## Exercise prompt
Restate word for word the entries below, starting at the line with "Nathan Larson Bison" and ending at the line with "Quand un ours". Keep both end lines and omit the pictures.

## Data to use

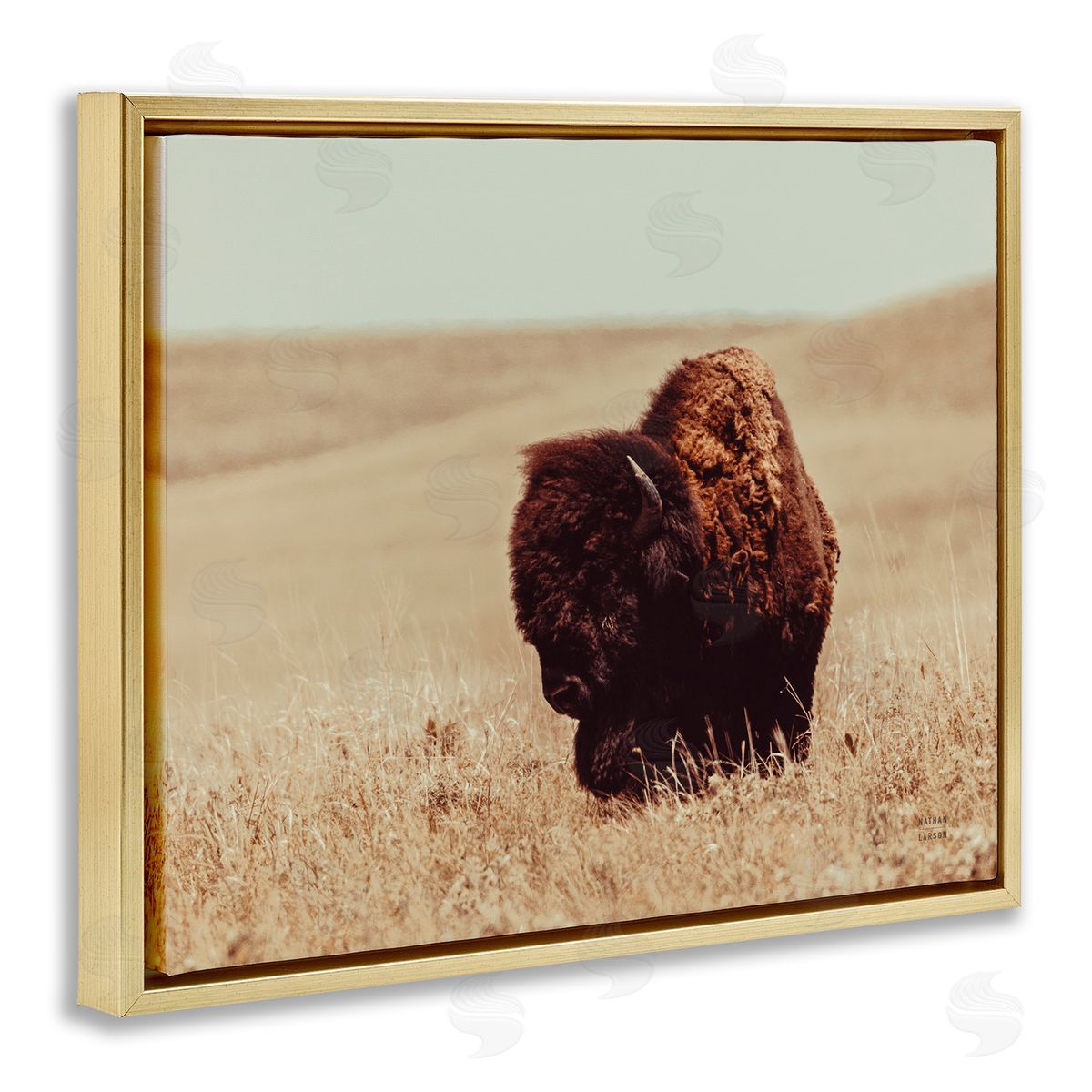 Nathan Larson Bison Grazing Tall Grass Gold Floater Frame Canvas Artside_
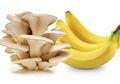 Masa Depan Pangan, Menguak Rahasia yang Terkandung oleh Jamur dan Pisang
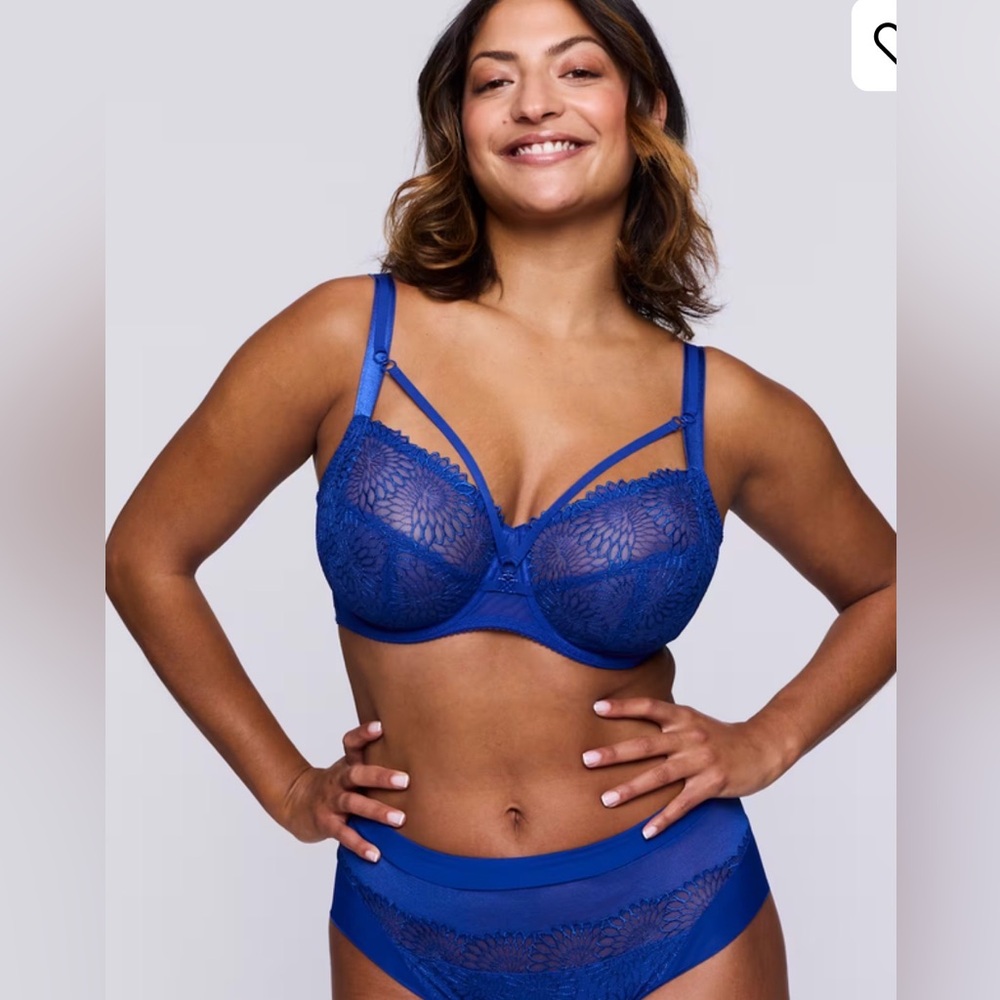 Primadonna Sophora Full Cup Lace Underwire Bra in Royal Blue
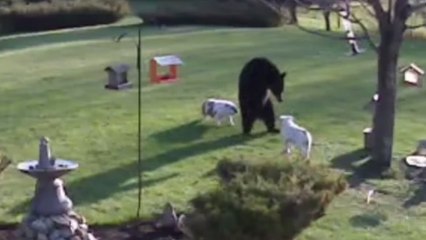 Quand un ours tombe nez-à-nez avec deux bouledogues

---

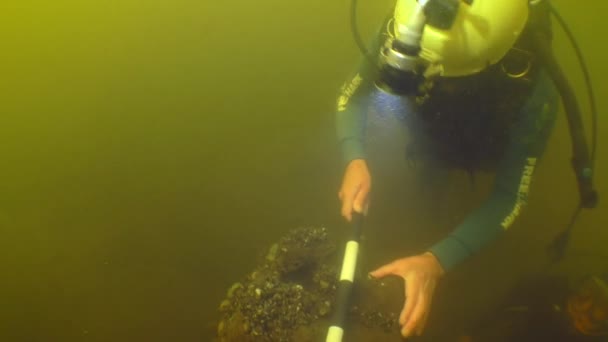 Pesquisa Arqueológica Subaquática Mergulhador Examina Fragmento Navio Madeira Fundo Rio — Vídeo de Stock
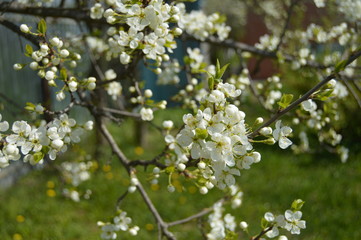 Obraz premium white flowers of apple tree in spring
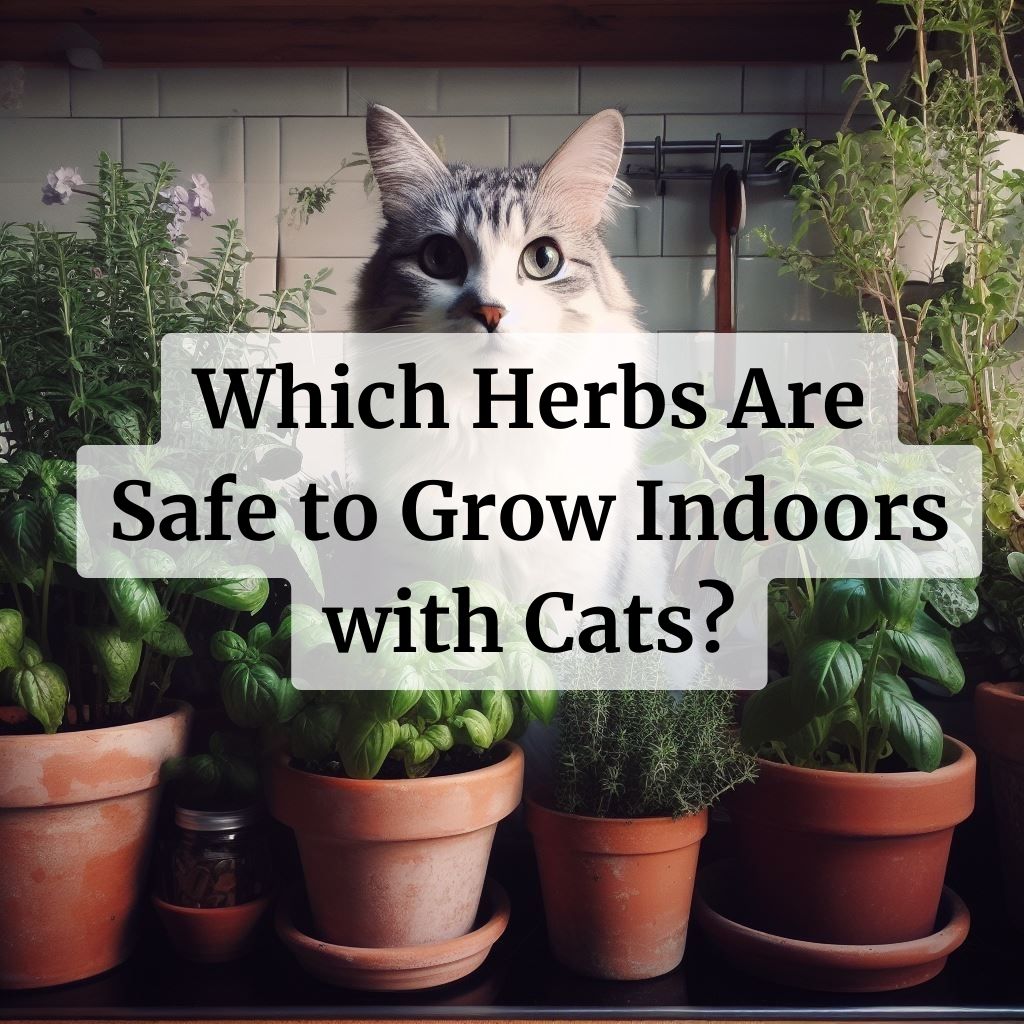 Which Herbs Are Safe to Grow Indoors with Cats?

...

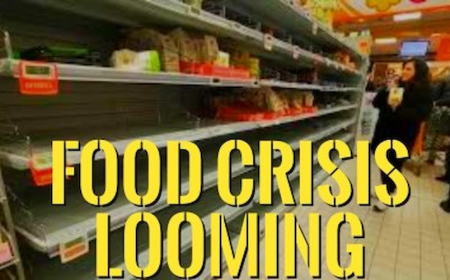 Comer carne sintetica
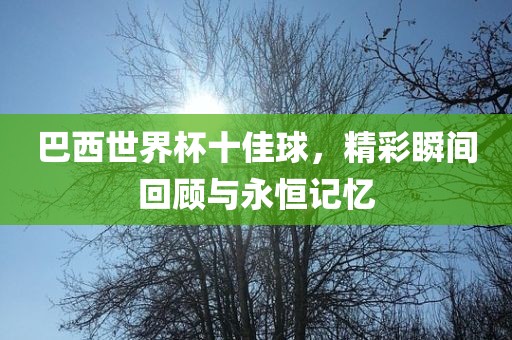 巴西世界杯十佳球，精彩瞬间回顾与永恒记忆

## Response area
 Nathan Larson Bison Grazing Tall Grass Gold Floater Frame Canvas Artside_
 Masa Depan Pangan, Menguak Rahasia yang Terkandung oleh Jamur dan Pisang
 Primadonna Sophora Full Cup Lace Underwire Bra in Royal Blue
 Quand un ours tombe nez-à-nez avec deux bouledogues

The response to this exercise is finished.